▶ **What you are asked to do**: All entries must be repeated exactly. No picture should appear in the result.

==== Extracted information ====

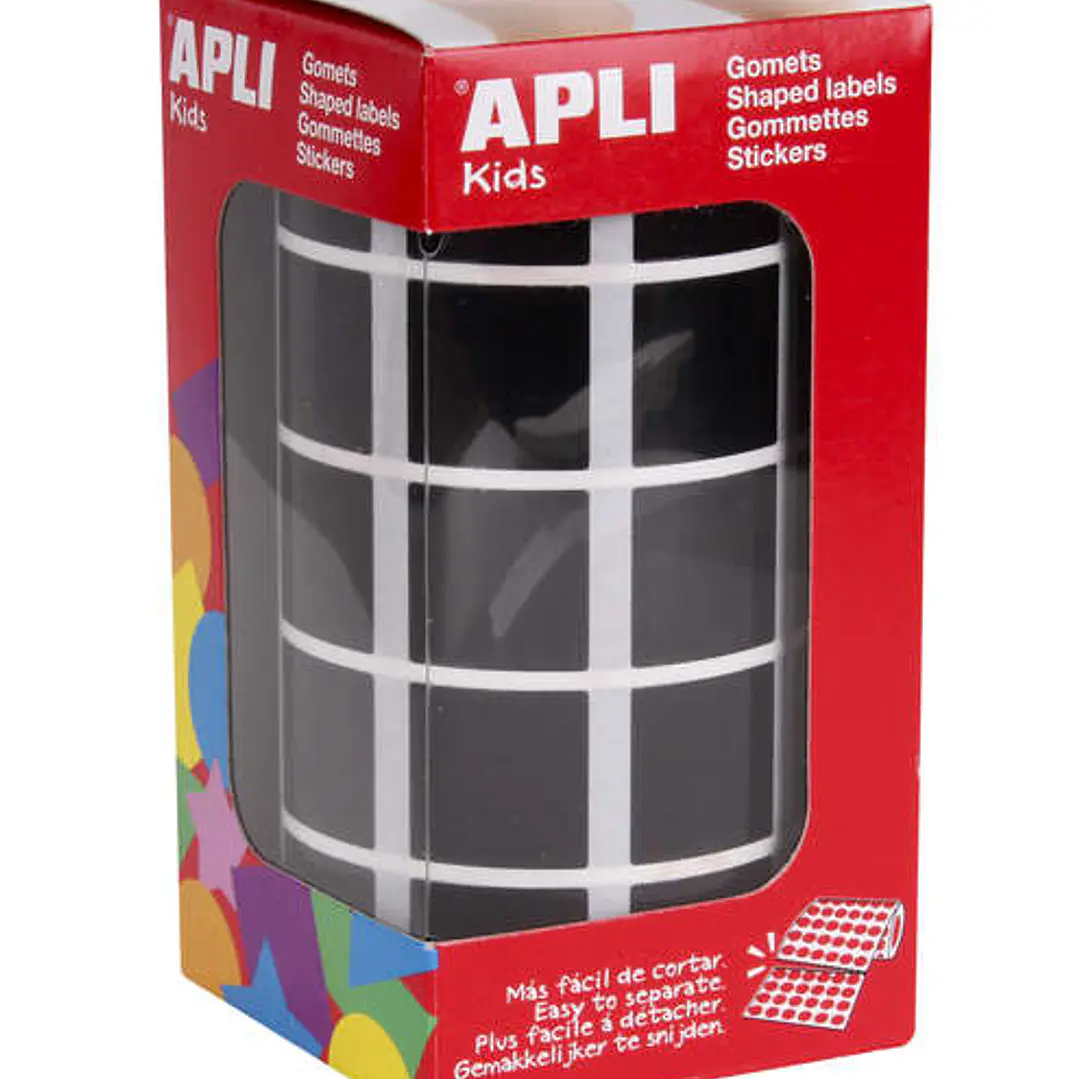 Apli Gomets Cuadrados Negros 20x20mm - 59 Hojas Pretroqueladas - 1770 Gomets por Rollo - Ideal para Desarrollar Habilidades y Capacidades en Niños - C 1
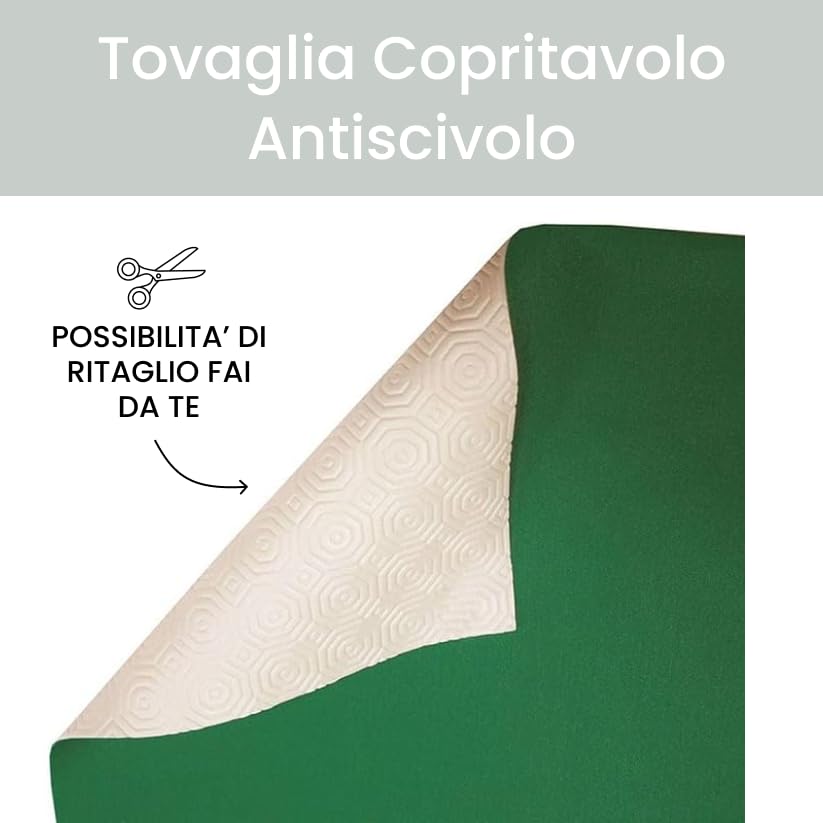 Mollettone Copritavolo 140x100 Cm - Feltro Verde E PVC Bianco, Antiurto E Antiscivolo, Made Italy - Foto 8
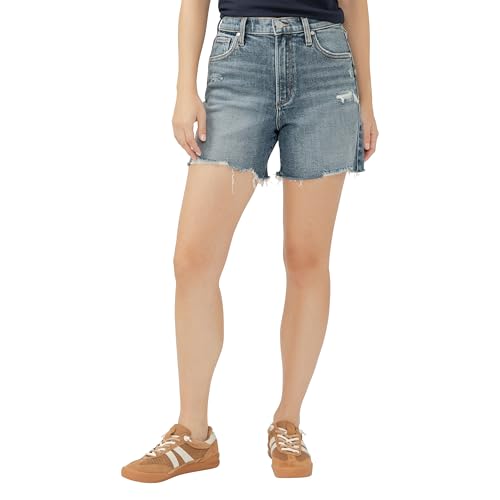 Short taille haute Silver Jeans Co denim femme, vêtement mode denim bleu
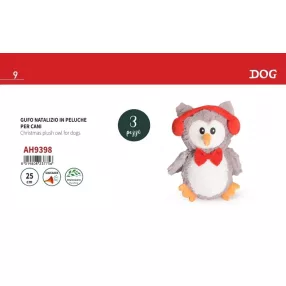 AH9398 Sípoló, zörgő karácsonyi plüss bagoly  25 cm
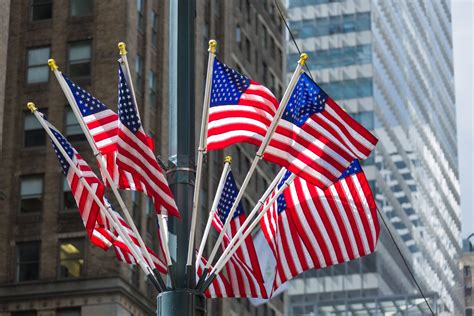 American Flags In The City Free Stock Photo - Public Domain Pictures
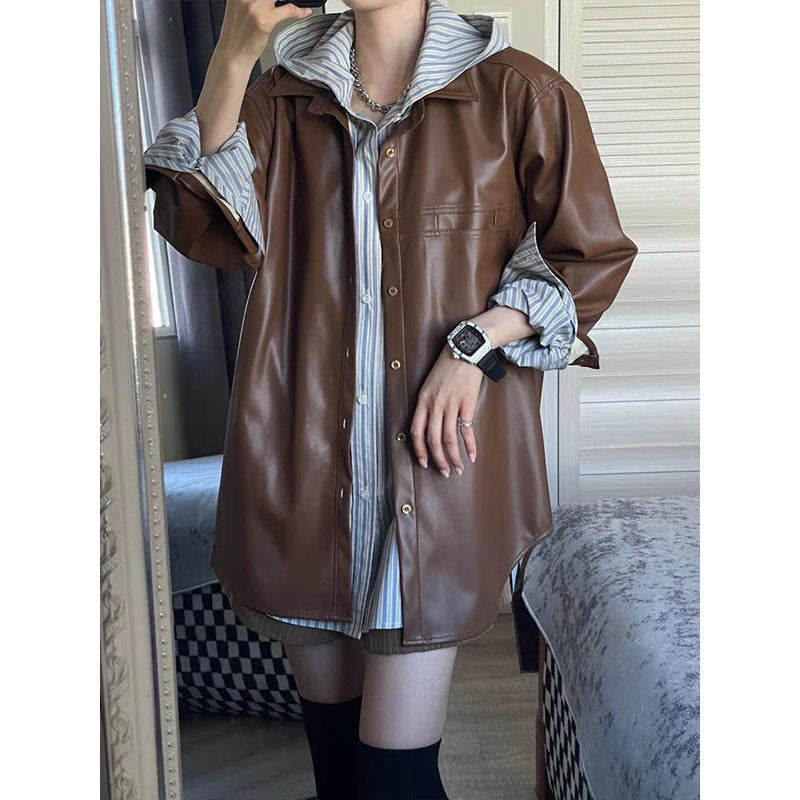 Vintage Patchwork Brown PU Jacket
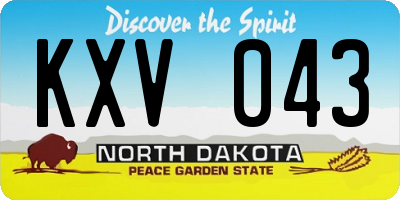 ND license plate KXV043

====

▶ **Response box**:
 Apli Gomets Cuadrados Negros 20x20mm - 59 Hojas Pretroqueladas - 1770 Gomets por Rollo - Ideal para Desarrollar Habilidades y Capacidades en Niños - C 1
 Mollettone Copritavolo 140x100 Cm - Feltro Verde E PVC Bianco, Antiurto E Antiscivolo, Made Italy - Foto 8
 Short taille haute Silver Jeans Co denim femme, vêtement mode denim bleu
 AH9398 Sípoló, zörgő karácsonyi plüss bagoly  25 cm
 American Flags In The City Free Stock Photo - Public Domain Pictures
 Vintage Patchwork Brown PU Jacket
 ND license plate KXV043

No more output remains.